Current-Users archive
[Date Prev][Date Next][Thread Prev][Thread Next][Date Index][Thread Index][Old Index]
Re: Machine livelock with latest (4.99.48) kernel on sparc64 -- mem leak?
Rafal Boni wrote:
Rafal Boni wrote:
Rafal Boni wrote:
I just rebooted my trusty Netra T1 with a shiny new 4.99.48 kernel and
thought I'd kick off a userland build. Things seemed to go swimmingly
for a few minutes, then the machine ground to an un-usable state --
userland seems to be mostly non-responsive, though the machine is
pingable, answers a ^T at a tty (well, it seems to be wedged harder
now.. it did for a while after the apparent lockup), and the disk sounds
like progress is being made on the build.
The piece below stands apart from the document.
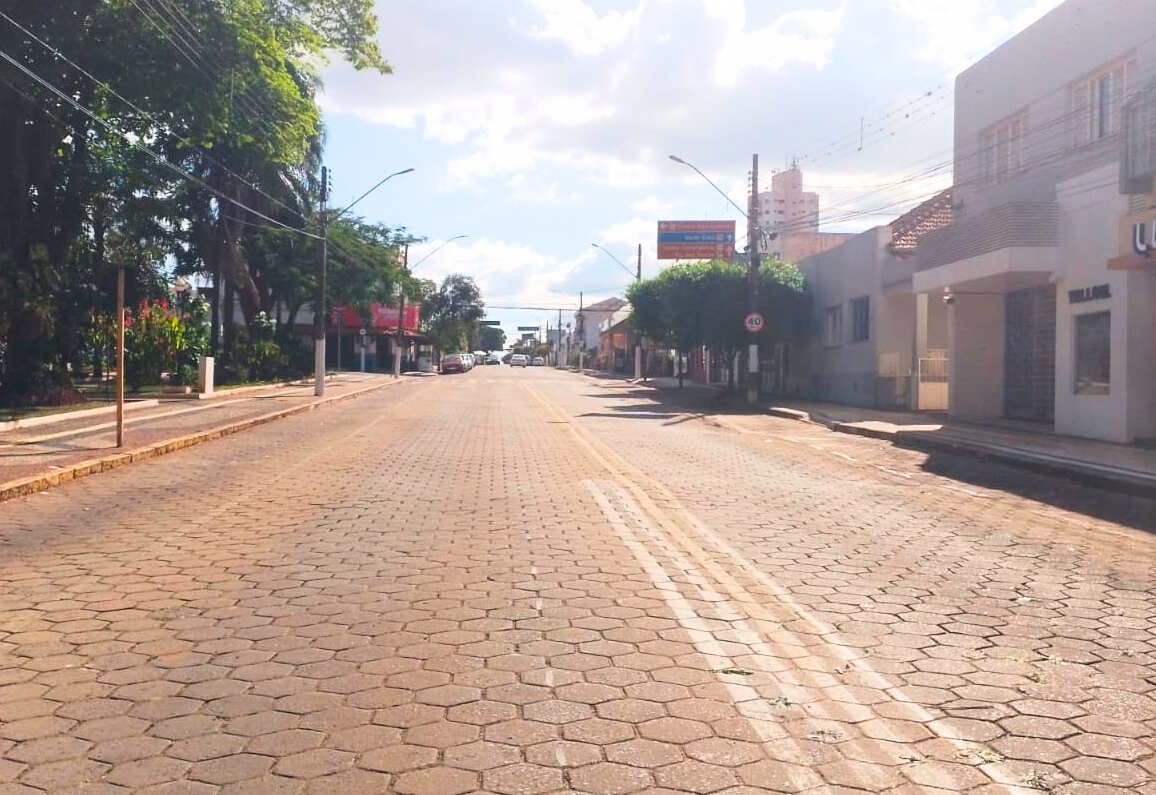 Av. Paraguaçu está de cara nova após a remoção de estruturas metálicas enferrujadas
But, I can't get any echo from a tty anymore, and god forbid I should
want to log in ;)
Anyone seeing anything similar? Should I go back to the last-known-good
kernel for a while? ;)
Machine is a Netra T1 200 -- UltraSPARC-IIe @ 500 MHz with 512MB RAM.
So I thought I'd give it one more try, and I saw the same thing happen
this time with a kernel build (thought I'd see if I maybe there was
something else in the latest CVS that would help).
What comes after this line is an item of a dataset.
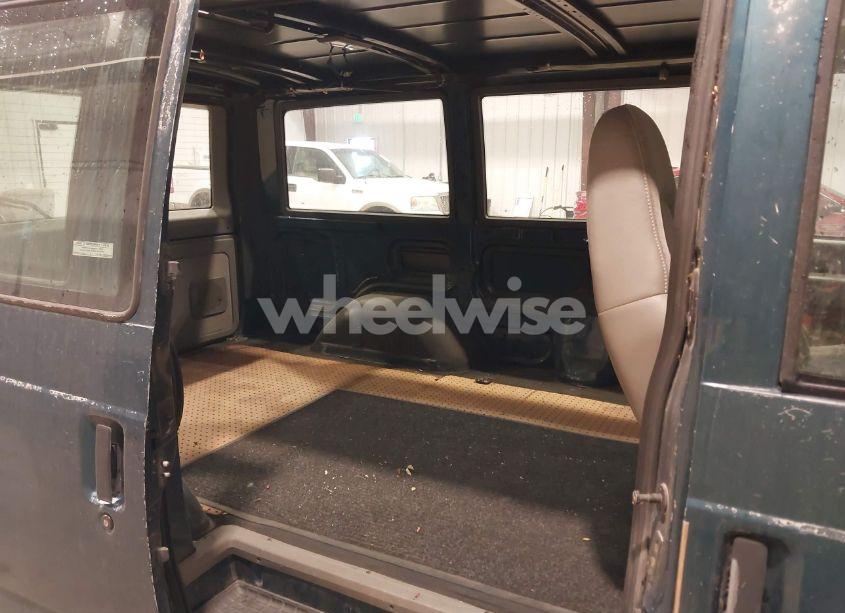 Photo 8 of 1998 Chevrolet Astro (VIN 1GCDL19W8WB156841)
The machine locked up ~ 18:01; it's now 2+ hours later and the disk is
still chugging along. Here's the last thing 'top' on the console said
before the hang:
load averages: 4.95, 4.71, 3.82 up 0 days, 13:48
18:01:34
29 processes: 1 runnable, 27 sleeping, 1 on processor
CPU states: 0.0% user, 0.0% nice, 8.1% system, 3.4% interrupt, 88.5%
idle
Memory: 184K Act, 336K Inact, 6096K Wired, 128K Exec, 328K File, 304K Free
Swap: 2050M Total, 36M Used, 2014M Free
Unless top's reporting is just way off (it didn't seem to be at the
start), there's a sucking memory leak somewhere -- where'd the other 500
MB of memory go?
DDB's ps/l (as well as backtrace) also shows an interesting fact -- the
active LWP is the system idle loop every time I'd ended up in DDB due to
this hang.
vmstat seems to confirm this is due to some memory-related condition...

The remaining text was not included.